Task prompt ->
Pictures do not belong in the copy; quote every entry below exactly.

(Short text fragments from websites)

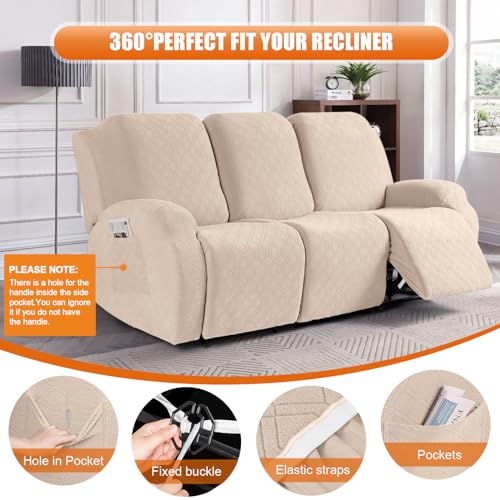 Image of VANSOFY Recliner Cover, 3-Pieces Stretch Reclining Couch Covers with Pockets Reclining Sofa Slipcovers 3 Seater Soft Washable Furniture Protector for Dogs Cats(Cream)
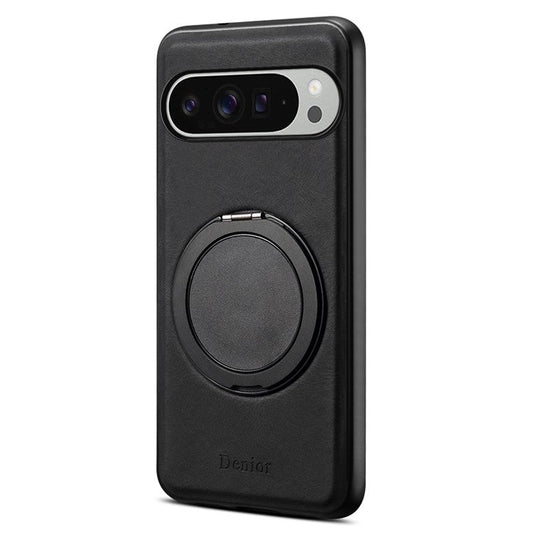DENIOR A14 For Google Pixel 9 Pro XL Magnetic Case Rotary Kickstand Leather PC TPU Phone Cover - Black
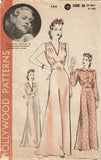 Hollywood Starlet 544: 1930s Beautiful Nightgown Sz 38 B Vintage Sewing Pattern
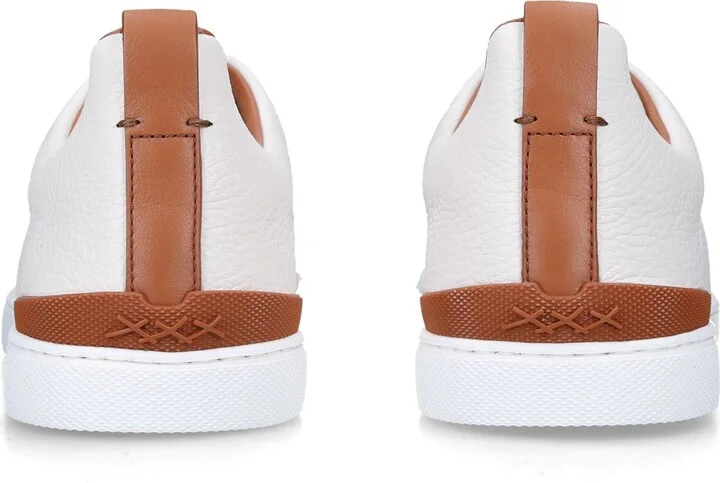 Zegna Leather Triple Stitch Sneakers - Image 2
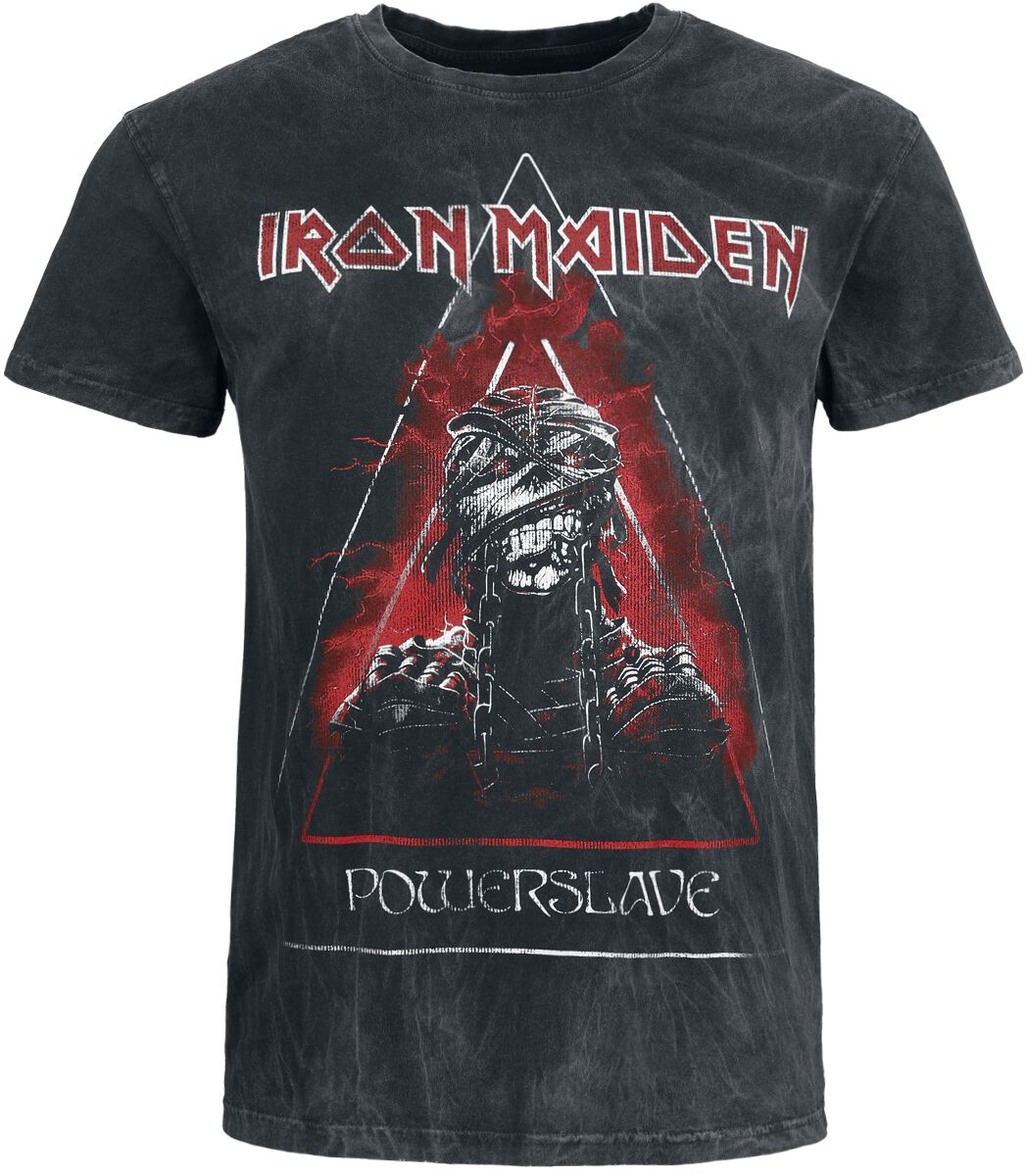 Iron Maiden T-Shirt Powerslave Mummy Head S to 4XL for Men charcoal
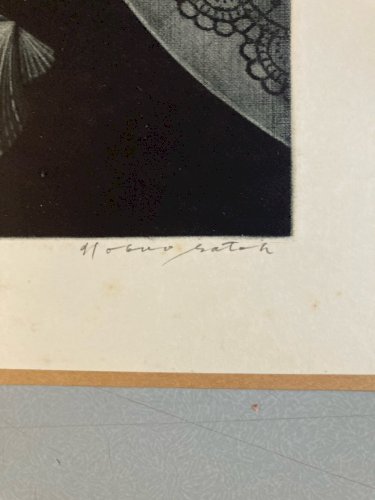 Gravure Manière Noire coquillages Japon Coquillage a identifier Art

Solution to this exercise ->
 Image of VANSOFY Recliner Cover, 3-Pieces Stretch Reclining Couch Covers with Pockets Reclining Sofa Slipcovers 3 Seater Soft Washable Furniture Protector for Dogs Cats(Cream)
DENIOR A14 For Google Pixel 9 Pro XL Magnetic Case Rotary Kickstand Leather PC TPU Phone Cover - Black
 Hollywood Starlet 544: 1930s Beautiful Nightgown Sz 38 B Vintage Sewing Pattern
 Zegna Leather Triple Stitch Sneakers - Image 2
 Iron Maiden T-Shirt Powerslave Mummy Head S to 4XL for Men charcoal
 Gravure Manière Noire coquillages Japon Coquillage a identifier Art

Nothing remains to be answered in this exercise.